If dividing your perennials is one of the fall landscape tasks that you just didn’t get to before winter descended upon us, fear not. It’s ok to do it in the spring.

However, you don’t want to run right out and begin dividing perennials now. Right now, the soil is either frozen or muddy, neither of which is workable. I suggest you put it on your to-do list for when spring actually arrives. You will have better success when the soil is plantable. You’ll be able to tell its ready when you can take a handful of soil, squeeze it and little or no water drains from your hand.

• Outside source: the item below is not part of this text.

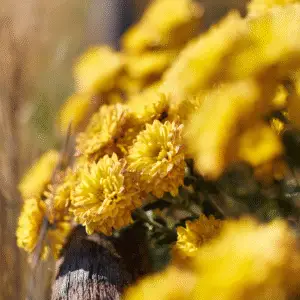 Chrysanthemum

Dividing or splitting is one of the best methods to propagate perennials. Each perennial you divide yields three new plants, and all it costs you is a few minutes of work. The process also keeps perennials from taking over your whole yard and maintains the original look of your beds. Here’s how it’s done:

• Lay a tarp or piece of plastic on the ground next to your perennial bed.
• Select those perennials that have grown too large and spread out too much for the space.
• With a sharp spade, dig up the whole perennial(s) you plan to split and lay it on the tarp.
• Using your sharp spade, pruners, a saw or any sharp tool that you feel comfortable with, cut the rootball in half. Then cut each half in half so you have four individual plants.
• Return one section to the hole. Backfill, tamping about halfway through the process to remove any air pockets. Finish backfilling, tamp, water and mulch.
• Plant the other three plants elsewhere or find them a new home.

You may have places in your own yard that would make a good home for the remaining perennials from your splitting operation. If not, they make nice gifts for your gardening friends. One or more of your local non-profit organizations that sponsor spring plant sales would also appreciate your donating the split perennials to the sale.

You may find that you prefer splitting perennials in spring, rather than fall. That way you, or the recipients of the extra plants, don’t have to overwinter them. They can plant them, or sell them, as soon as they are received. You may prefer not to split perennials at all, in which case, we have landscape professionals who would be happy to do it for you.

One comment on “Divide Perennials This Spring

  1. Even here in our mild climate, there are a few perennials that prefer to be divided before the rain runs out in spring. It seems so unnatural, as if the ‘all’ should want to be divided in autumn. Some prefer to do agapanthus in spring, but I don’t think they care when they get divided.